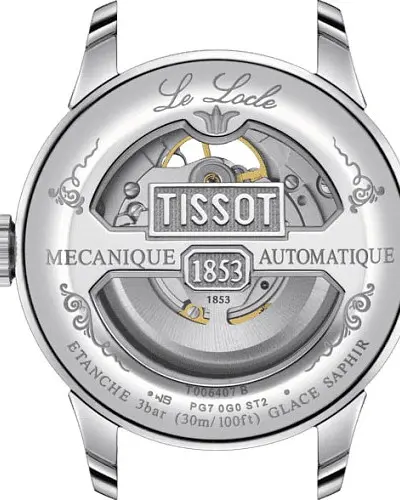 Tissot Le Locle Powermatic 80 Open Heart T006.407.16.033.01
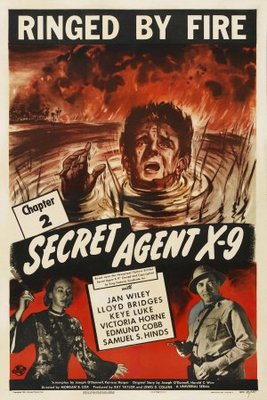 Secret Agent X-9 movie poster (1945) hoodie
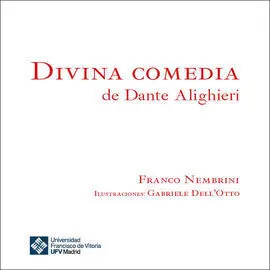 Caja Divina Comedia de Dante Alighieri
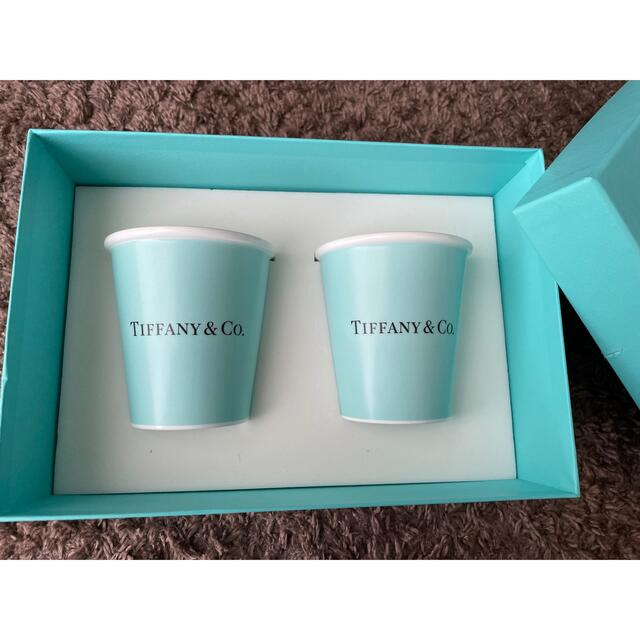 TIFFANY\u0026CO ペアマグカップ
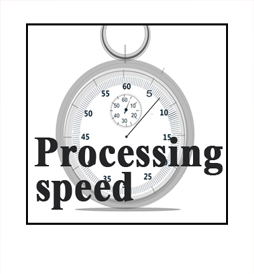 Processing speed
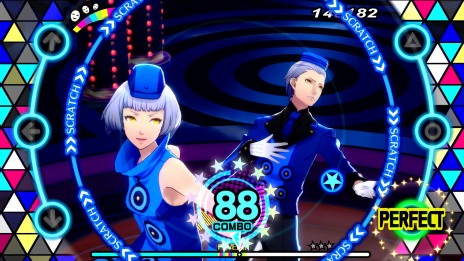 画像ギャラリー No.021のサムネイル画像 / 「P3D」「P5D」クラブ・ベルベットで踊るテオドアとラヴェンツァのダンスシーンが公開に。DLC楽曲や衣装の情報も
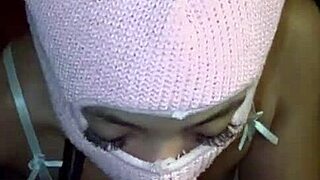 masked baddie deep throats bbc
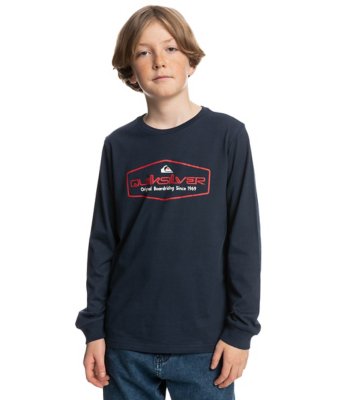 tee-shirt à manches longues garçon omnilockup b s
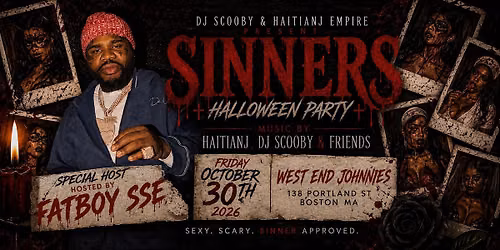 SINNERS HOSTED BY FATBOY SSE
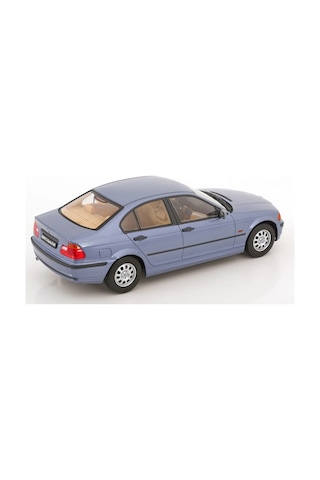 Kk Scale 1/18 Bmw 3 Serie E46 Limousine 1999 Light Blue Metallic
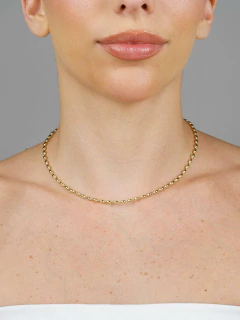 Choker esferas oval - comprar online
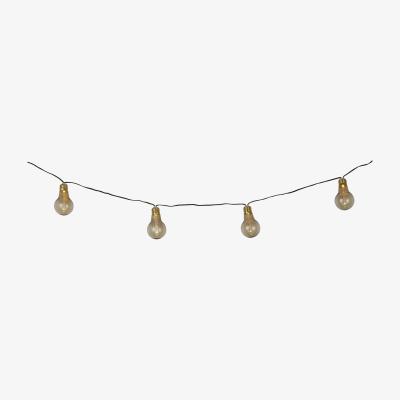 The Range Edison Bulb Solar Lights  - Gold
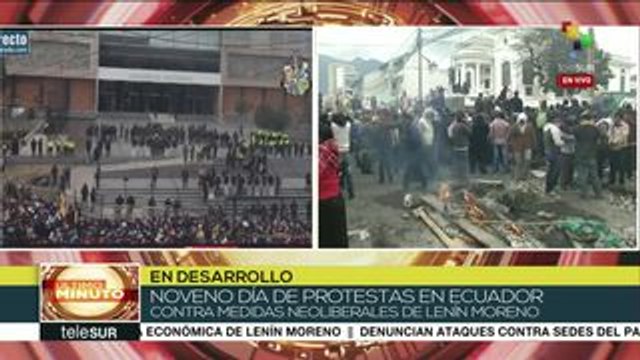 Ecuador: indígenas amazónicos refuerzan paro nacional en Quito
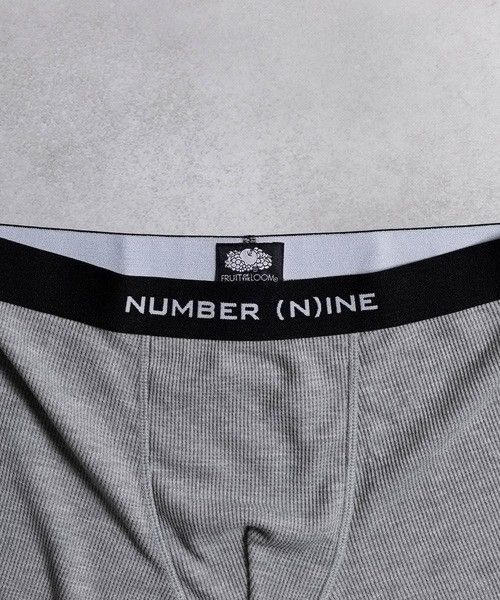 Fruit Of The Loom × Number (N)ine FRUIT OF THE LOOM × NUMBER (N)INE “PACK BOXER SHORT M Size 30 - 3 Thumbnail
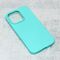 Futrola Gentle Color - iPhone 14 Pro mint.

****************************************

WORK ORDER »
Give the lines above again exactly, from the one containing "Kk Scale 1/18" to the one containing "Fruit Of The Loom × Number (N)ine FRUIT", both included, but leave out the pictures.

TASK RESPONSE »
 Kk Scale 1/18 Bmw 3 Serie E46 Limousine 1999 Light Blue Metallic
 Choker esferas oval - comprar online
 The Range Edison Bulb Solar Lights  - Gold
 Ecuador: indígenas amazónicos refuerzan paro nacional en Quito
 Fruit Of The Loom × Number (N)ine FRUIT OF THE LOOM × NUMBER (N)INE “PACK BOXER SHORT M Size 30 - 3 Thumbnail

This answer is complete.